* EXERCISE PROMPT *
The answer must consist only of the lines in the records below from the line with "Buko Coconut Salad" to the line with "Blu Korea 3-in-1", both included, copied word for word with every picture left out.

* MATERIAL FOR THE TASK *
[Start of section]

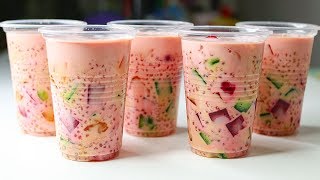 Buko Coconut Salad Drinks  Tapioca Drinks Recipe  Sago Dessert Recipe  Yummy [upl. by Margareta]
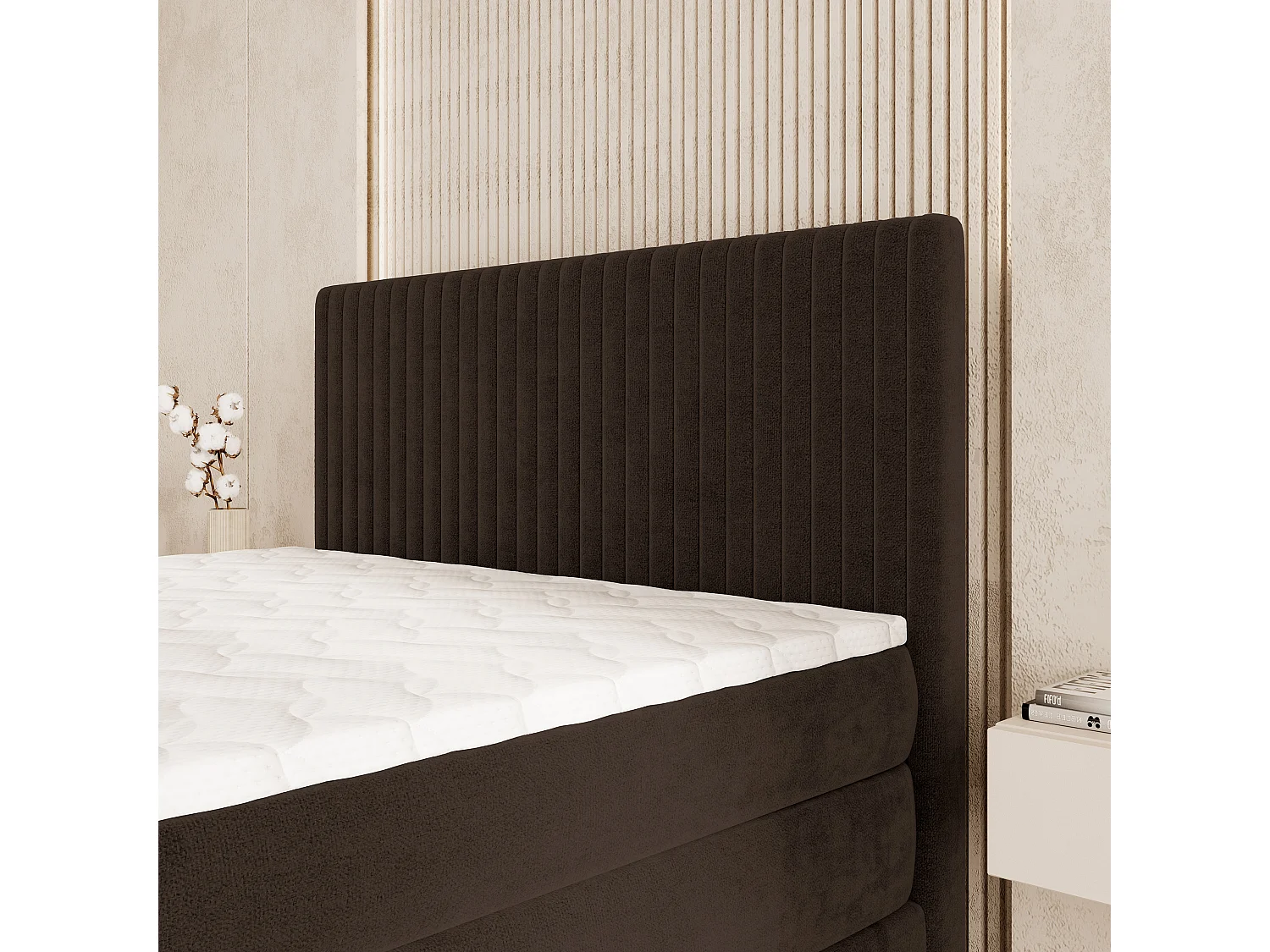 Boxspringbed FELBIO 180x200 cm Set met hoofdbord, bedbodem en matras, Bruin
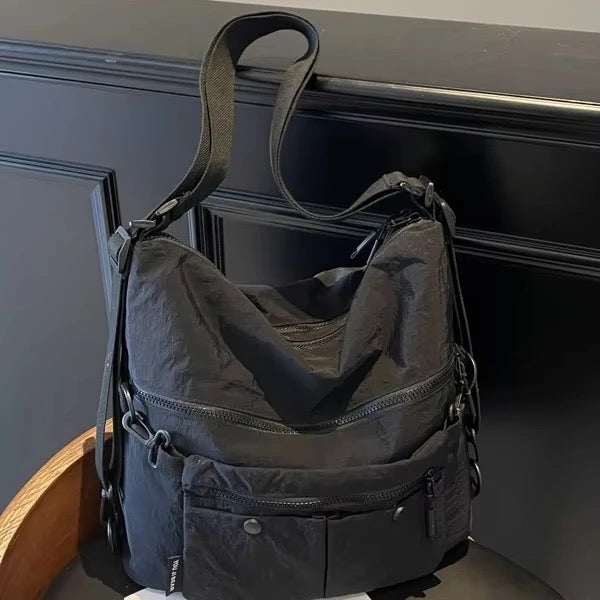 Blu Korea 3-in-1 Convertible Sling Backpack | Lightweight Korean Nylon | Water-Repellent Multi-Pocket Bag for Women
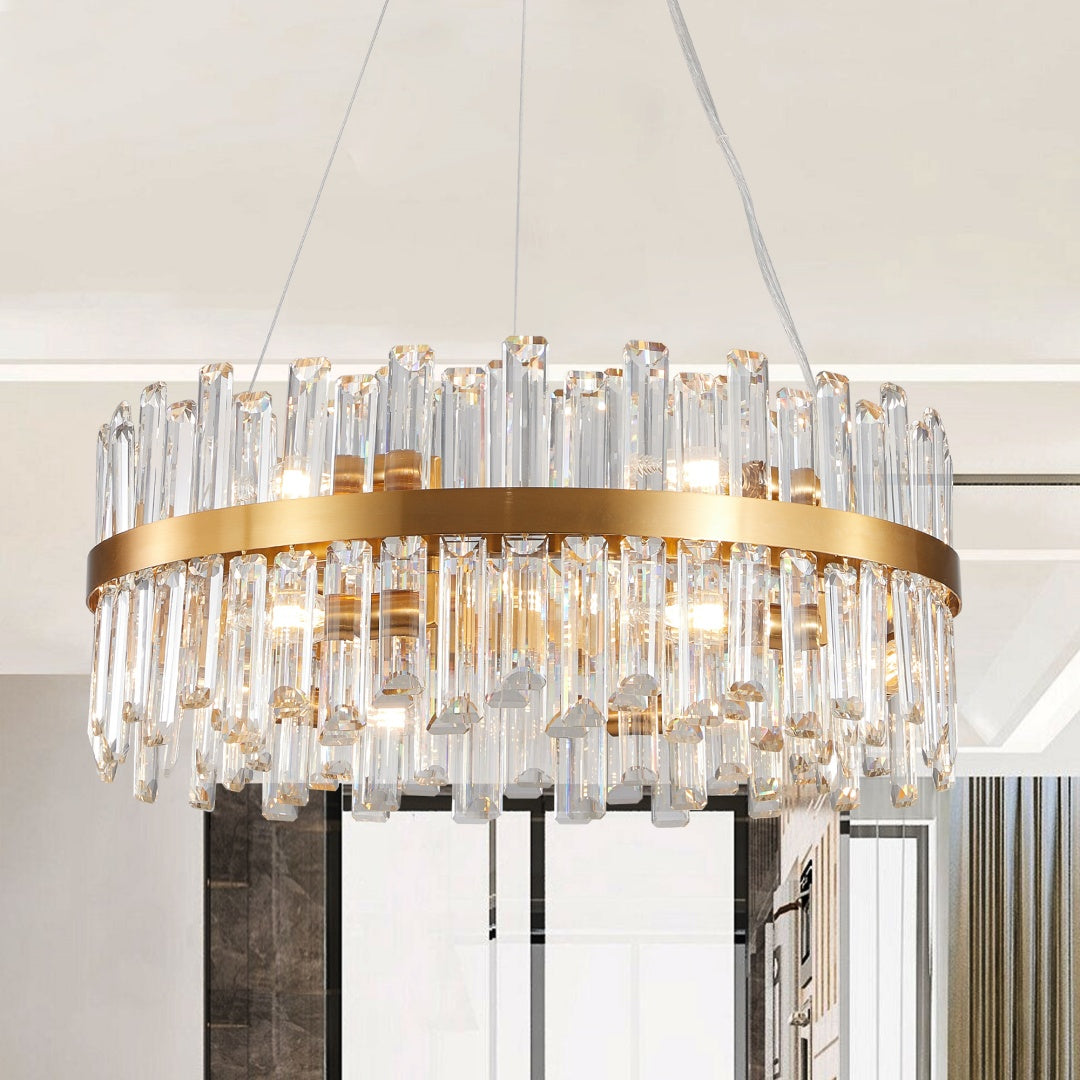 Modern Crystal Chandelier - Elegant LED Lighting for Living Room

[End of section]
[Start of section]

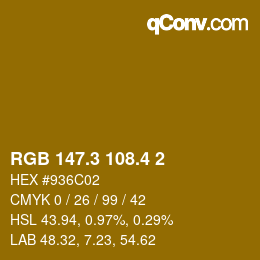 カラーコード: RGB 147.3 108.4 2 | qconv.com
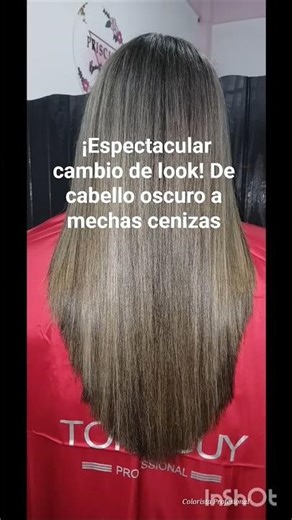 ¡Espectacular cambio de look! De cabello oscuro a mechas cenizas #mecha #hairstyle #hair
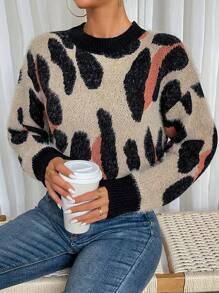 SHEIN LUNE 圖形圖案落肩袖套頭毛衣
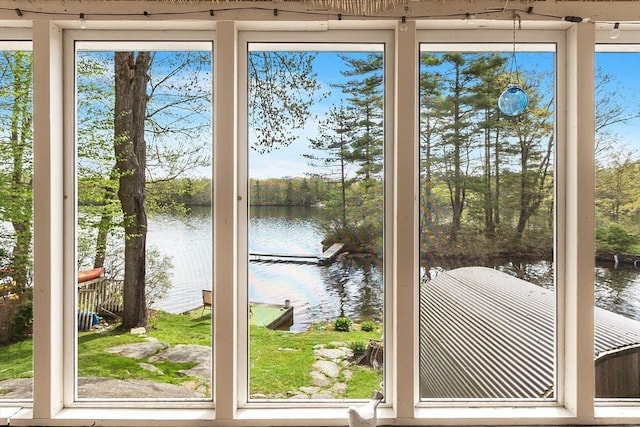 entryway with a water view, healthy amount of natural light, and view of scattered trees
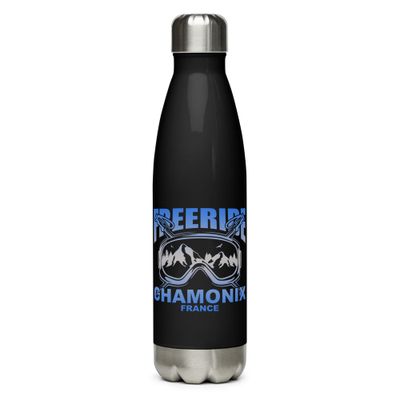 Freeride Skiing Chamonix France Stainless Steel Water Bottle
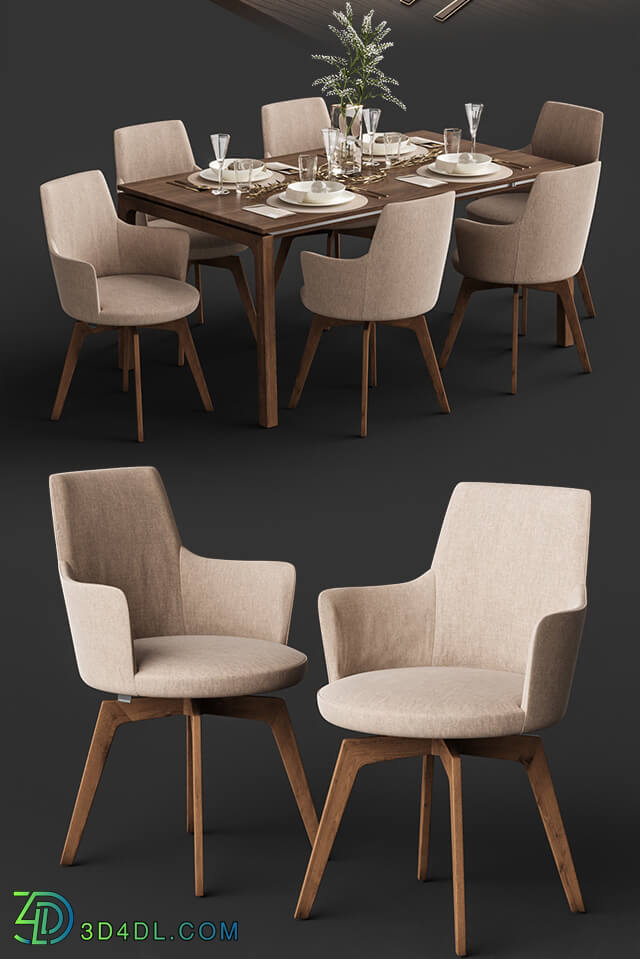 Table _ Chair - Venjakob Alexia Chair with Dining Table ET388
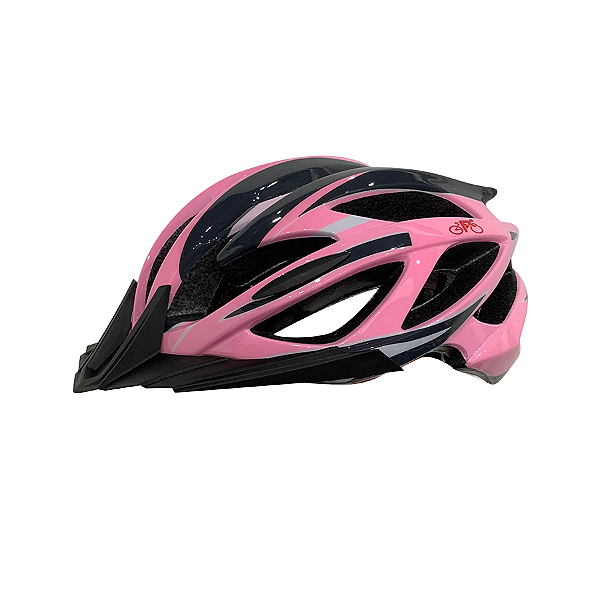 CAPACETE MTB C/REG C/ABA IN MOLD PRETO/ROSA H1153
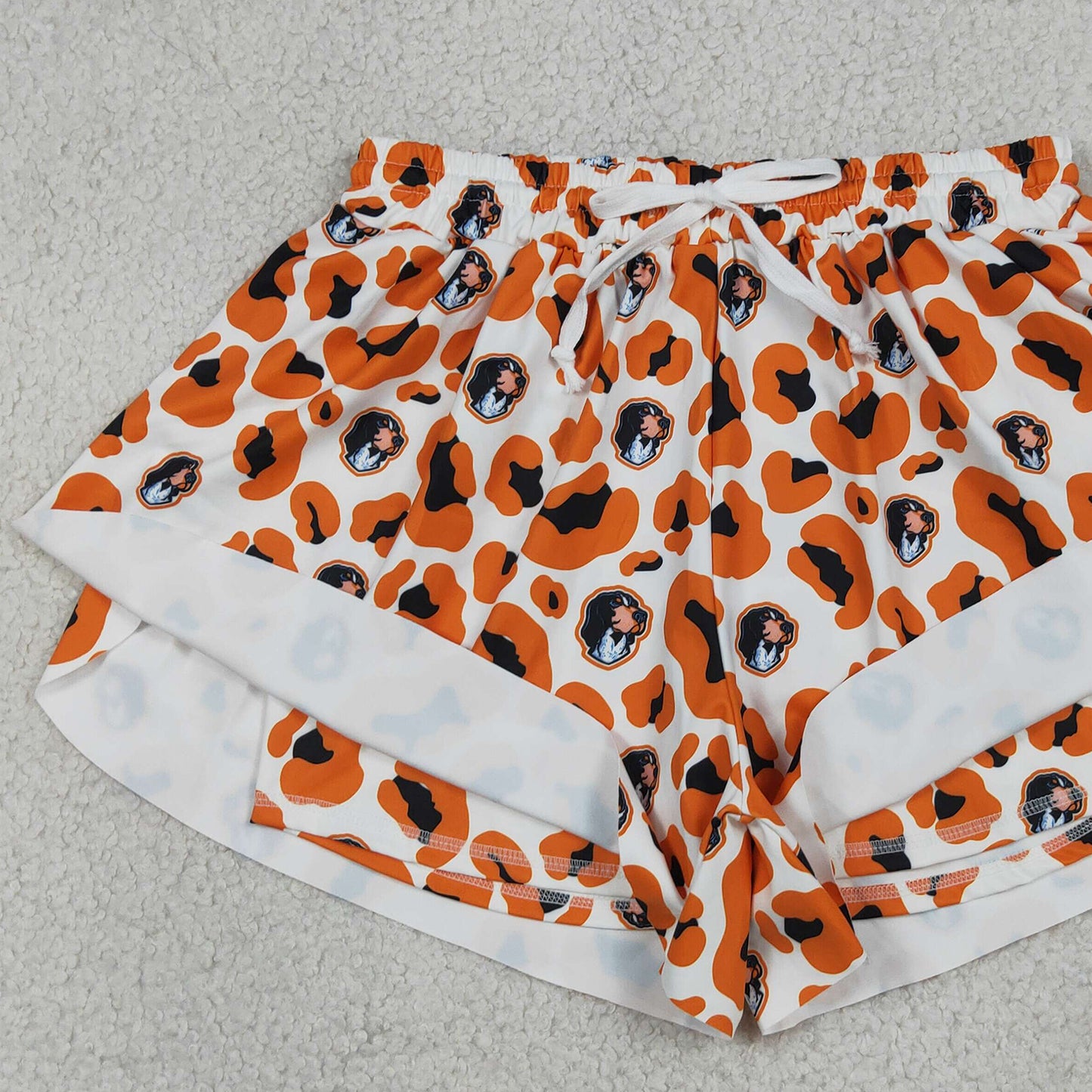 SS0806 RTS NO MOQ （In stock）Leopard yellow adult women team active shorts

[End of section]

* WRITTEN RESPONSE *
 Buko Coconut Salad Drinks  Tapioca Drinks Recipe  Sago Dessert Recipe  Yummy [upl. by Margareta]
 Boxspringbed FELBIO 180x200 cm Set met hoofdbord, bedbodem en matras, Bruin
 Blu Korea 3-in-1 Convertible Sling Backpack | Lightweight Korean Nylon | Water-Repellent Multi-Pocket Bag for Women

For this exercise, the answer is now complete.